> [WHAT IS BEING ASKED]:
Set down every record below exactly as it stands, with the pictures omitted.

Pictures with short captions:
• • • •

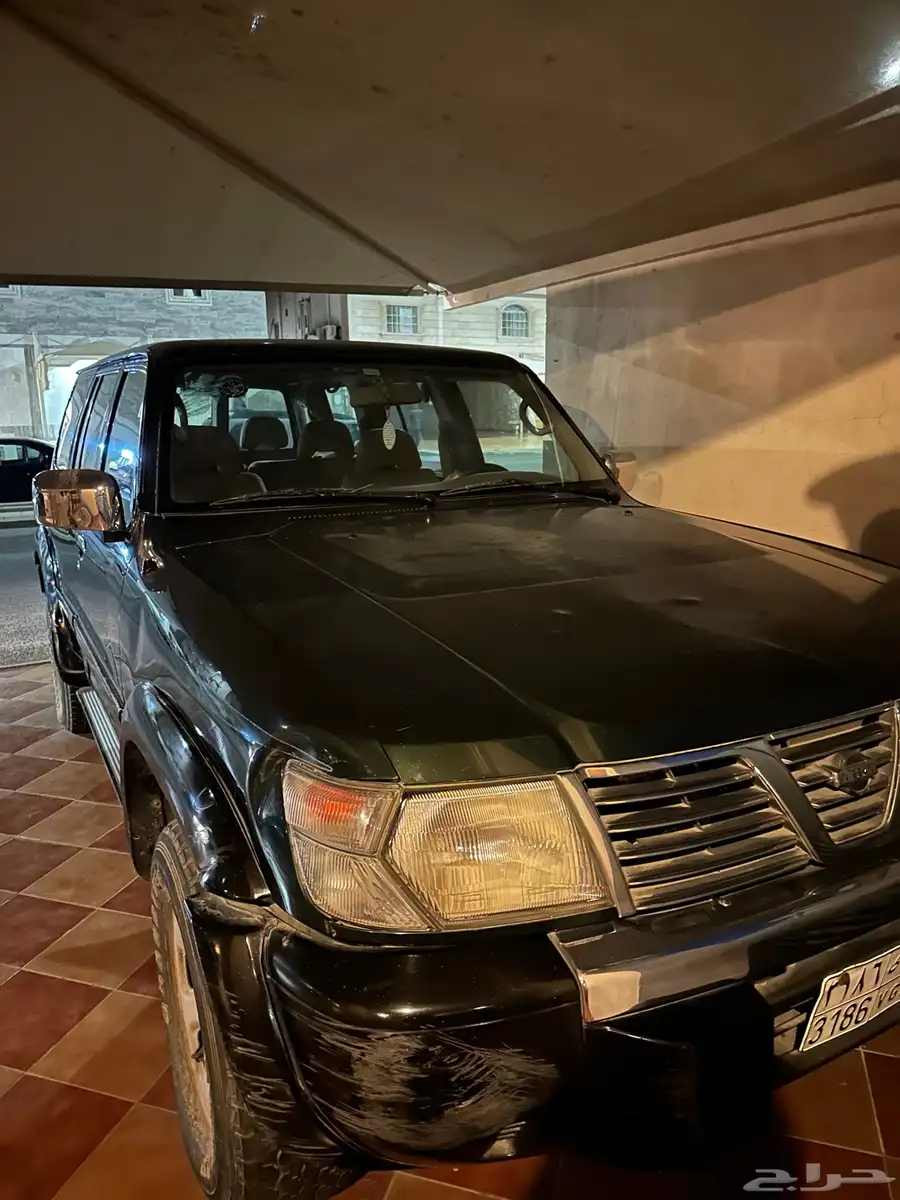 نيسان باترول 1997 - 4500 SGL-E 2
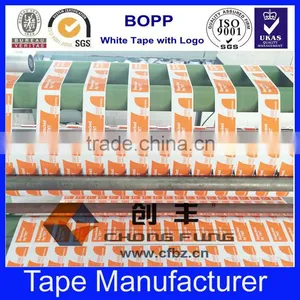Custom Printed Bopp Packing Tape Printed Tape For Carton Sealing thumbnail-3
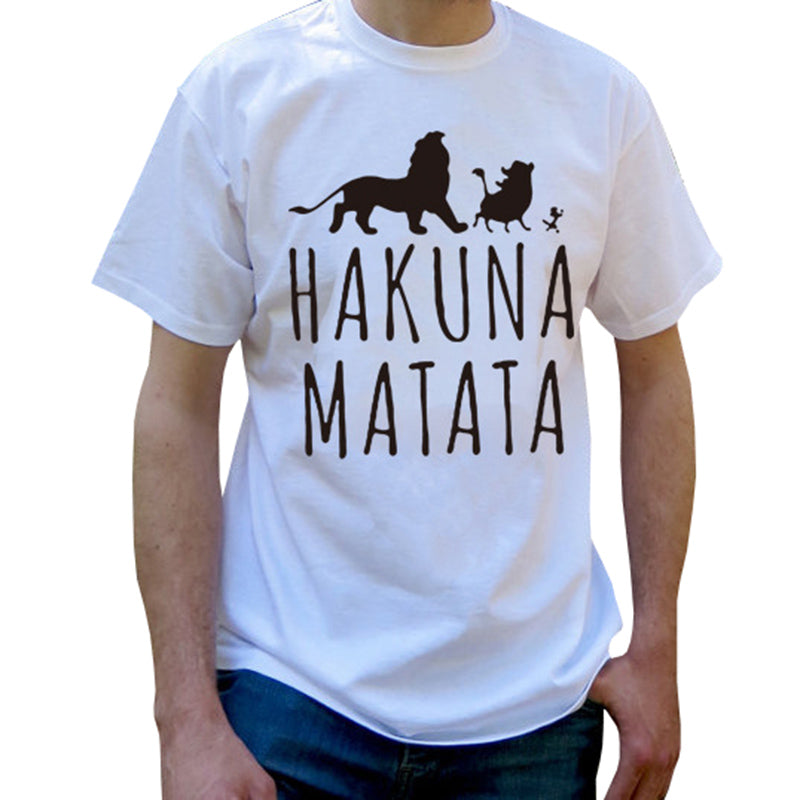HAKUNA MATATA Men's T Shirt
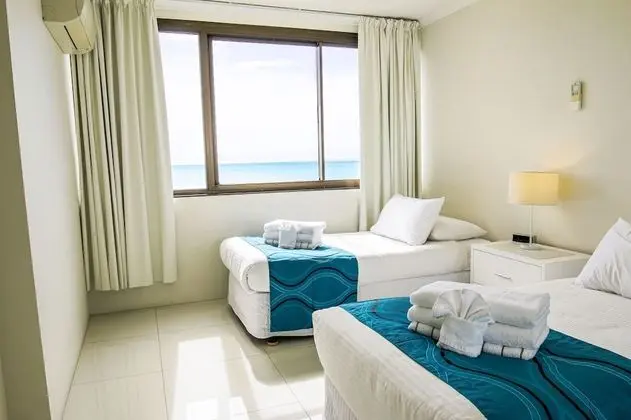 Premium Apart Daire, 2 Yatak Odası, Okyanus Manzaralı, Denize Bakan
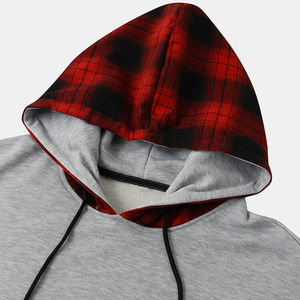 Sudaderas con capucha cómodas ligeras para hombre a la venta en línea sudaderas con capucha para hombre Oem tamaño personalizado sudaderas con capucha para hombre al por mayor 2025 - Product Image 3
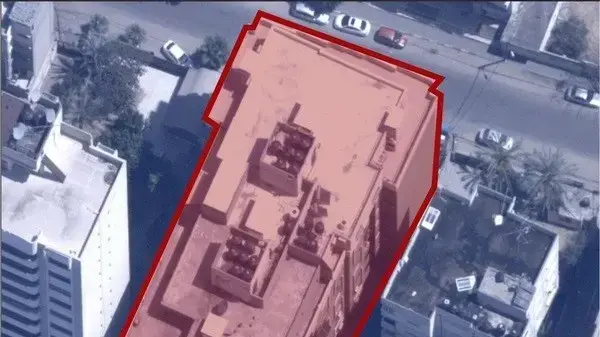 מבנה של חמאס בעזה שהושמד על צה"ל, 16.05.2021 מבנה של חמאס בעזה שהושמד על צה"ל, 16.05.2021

• • • •

> [ANSWER TO THE EXERCISE]:
 نيسان باترول 1997 - 4500 SGL-E 2
Custom Printed Bopp Packing Tape Printed Tape For Carton Sealing thumbnail-3
HAKUNA MATATA Men's T Shirt
 Premium Apart Daire, 2 Yatak Odası, Okyanus Manzaralı, Denize Bakan
 Sudaderas con capucha cómodas ligeras para hombre a la venta en línea sudaderas con capucha para hombre Oem tamaño personalizado sudaderas con capucha para hombre al por mayor 2025 - Product Image 3
 מבנה של חמאס בעזה שהושמד על צה"ל, 16.05.2021 מבנה של חמאס בעזה שהושמד על צה"ל, 16.05.2021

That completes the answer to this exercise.